(Beginning of Provided material)

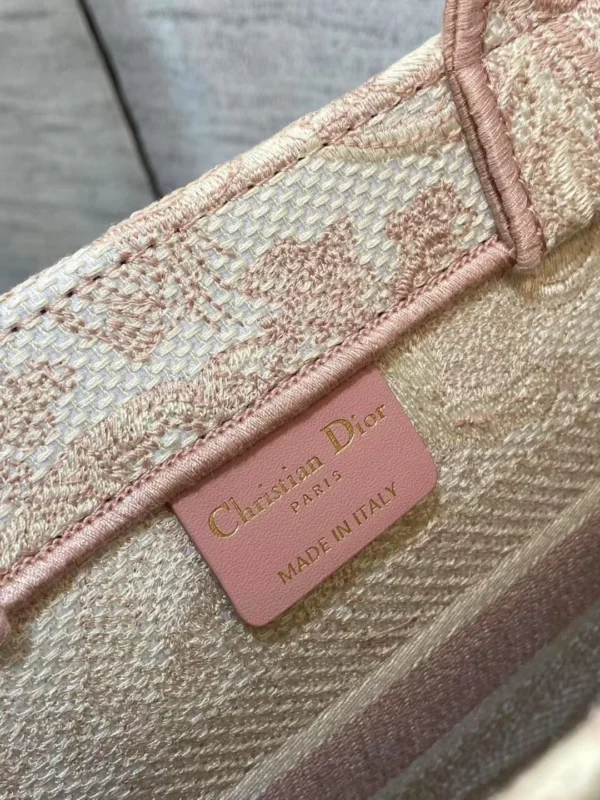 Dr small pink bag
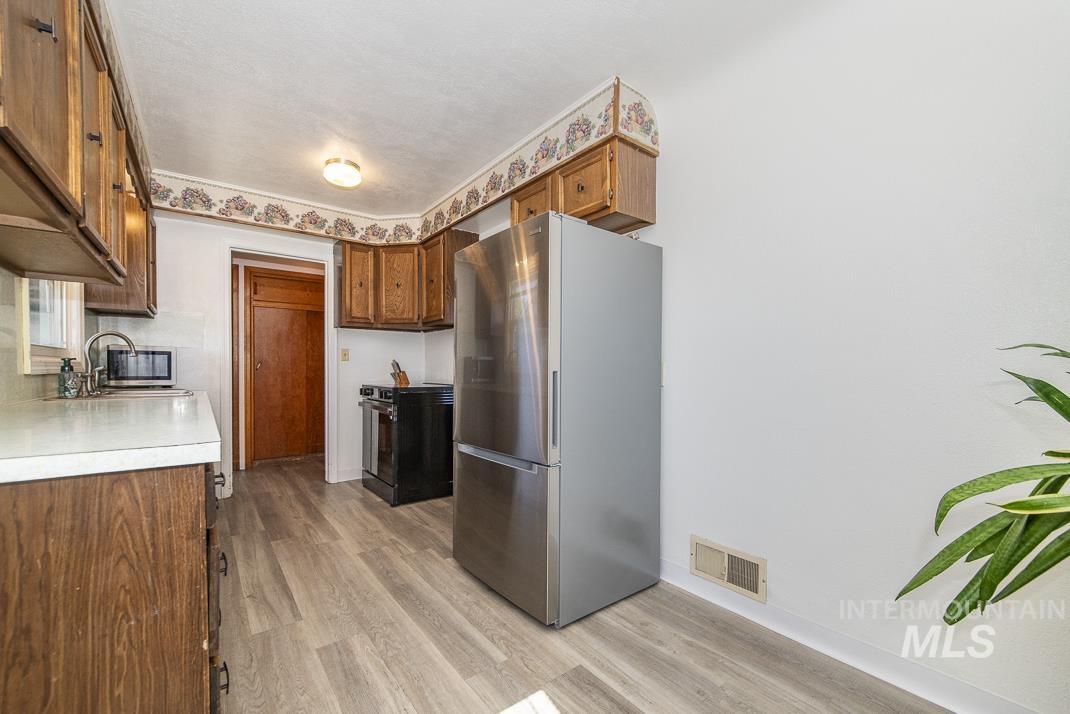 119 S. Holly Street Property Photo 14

(End of Provided material)
(Beginning of Provided material)

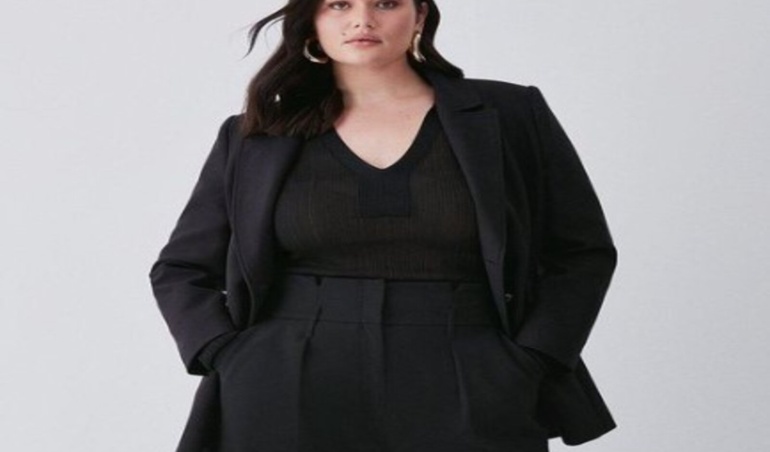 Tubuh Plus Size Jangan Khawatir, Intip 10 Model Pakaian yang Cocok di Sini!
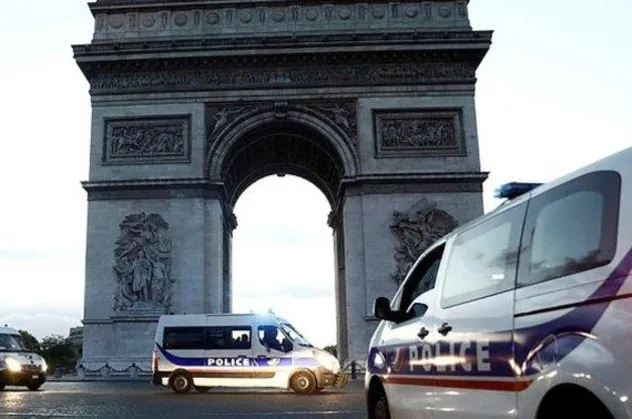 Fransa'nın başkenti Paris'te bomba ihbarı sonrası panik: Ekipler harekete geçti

(End of Provided material)
(Beginning of Provided material)

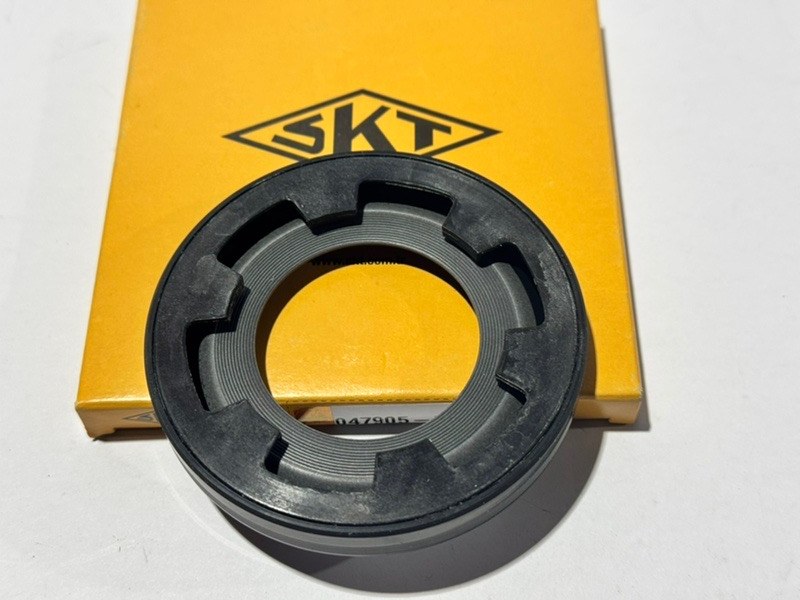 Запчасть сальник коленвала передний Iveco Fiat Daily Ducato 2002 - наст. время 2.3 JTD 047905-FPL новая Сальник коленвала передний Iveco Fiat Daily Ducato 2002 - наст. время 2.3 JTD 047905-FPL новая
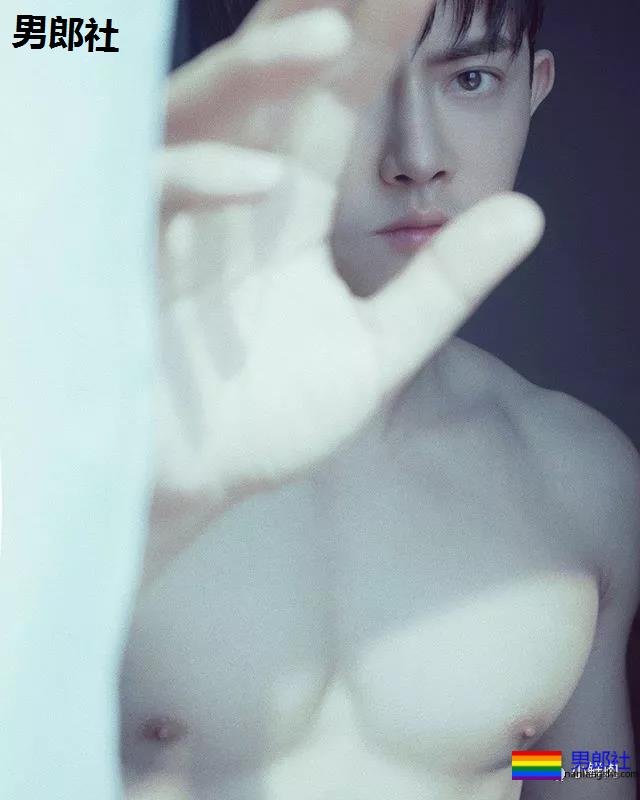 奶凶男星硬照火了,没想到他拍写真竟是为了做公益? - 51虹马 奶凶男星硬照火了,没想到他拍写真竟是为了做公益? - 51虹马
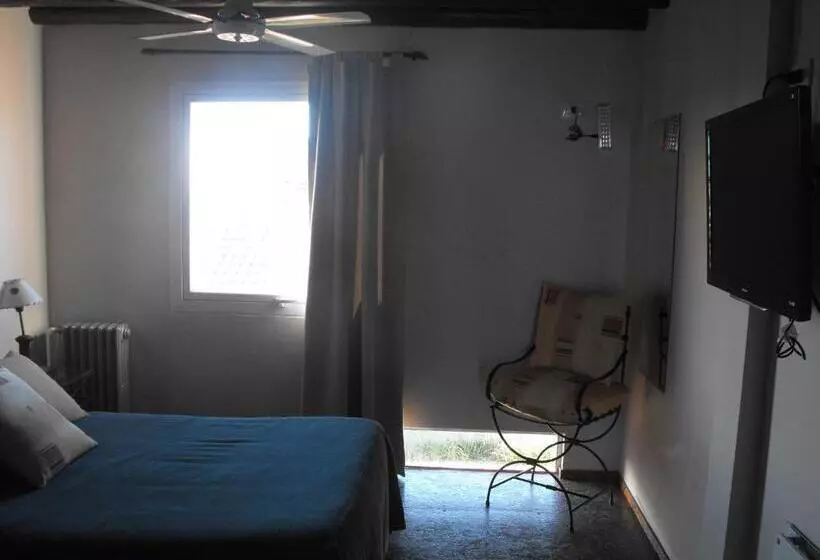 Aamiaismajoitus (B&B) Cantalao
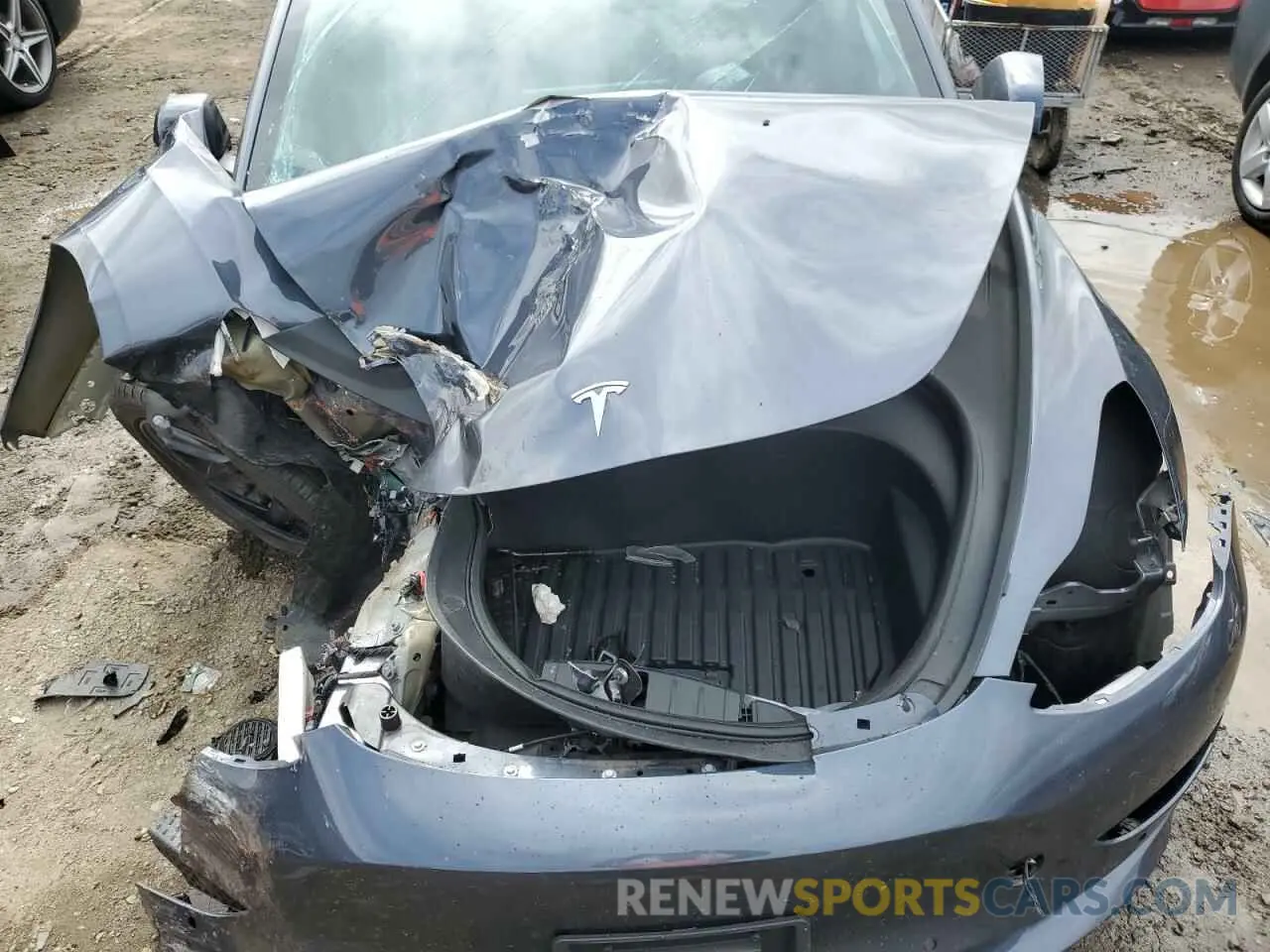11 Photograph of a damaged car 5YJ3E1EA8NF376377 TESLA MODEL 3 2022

(End of Provided material)

- _Task requirements_
Take the entries above and copy exactly the lines starting at the one with "Dr small pink bag" and ending at the one with "119 S. Holly Street Property Photo 14"; nothing outside that span, and no pictures.

- _Result of this exercise_
 Dr small pink bag
 119 S. Holly Street Property Photo 14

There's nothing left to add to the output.